正式成为学生之前,我并不渴望当学生,原因是隔三差五的游玩到学校时,常见老师拿教鞭敲学生的头,嘣嘣的,不会不疼,还揪住耳朵给搡出门外罚站,冬天冻得缩成一团、夏天晒得浑身是汗都不让进教室,太受罪!因此,到了该上学的年龄时,一听父亲说要送我去报名,吓得只要看见大人进家就赶紧跑,来不及跑时就藏起来大气不敢出,好不容易才把那两天给拖过去了。

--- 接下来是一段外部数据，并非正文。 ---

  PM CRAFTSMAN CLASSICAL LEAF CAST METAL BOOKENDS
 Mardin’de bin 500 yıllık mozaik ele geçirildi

次年初夏的一个上午,我和要好的两个伙伴信步到了一位本家的叔叔家,发现他们家闲置的两间东屋里,不知何时搬来了一户人家。门前的小枣树下,一位白白净净、利利索索的老奶奶,正在哄一男一女两个孩子玩。老奶奶说话的口音有点蛮(注:蛮—当地人对把非本地口音的人习惯说法),给孩子一急我们就听不懂了。现在回想起来,应该是湖北湖南什么地方的人吧,至少不是我们豫东南这一片的。两个孩子管她叫姥姥。地上摆着我从来没有见过的小汽车,和一捏一叽哇的皮娃娃。另外还有一根小拐杖。我们三个相视一眼,谁都想亲手摸一摸,看个仔细,可是老奶奶没邀请我们,又谁也不敢近前去,就围着祖孙三个拣葵花籽大的落枣玩,一直磨蹭到快中午仍不想离开。就在这时,一位个子不高,身穿大翻领白上衣,浅篮裤子,比老奶奶更白净的年轻女人进了院子,两个孩子一见她,立刻如饿急的小鸟一般叫着“妈妈”朝她扑了过去。老奶奶腾出身子,洗了手就往厨房去了。这时我们才发现,原来那个大的男孩一条腿有残疾。那条小拐杖不是玩意儿,而是帮助他走路用的(后来听大人说,他的腿是因为打针给打瘸的)。她极为温柔地先蹲下身亲了两个孩子,然后才抱起大约有两岁她叫她“张妮”的女儿,随手又牵了儿子的手往树荫下走去。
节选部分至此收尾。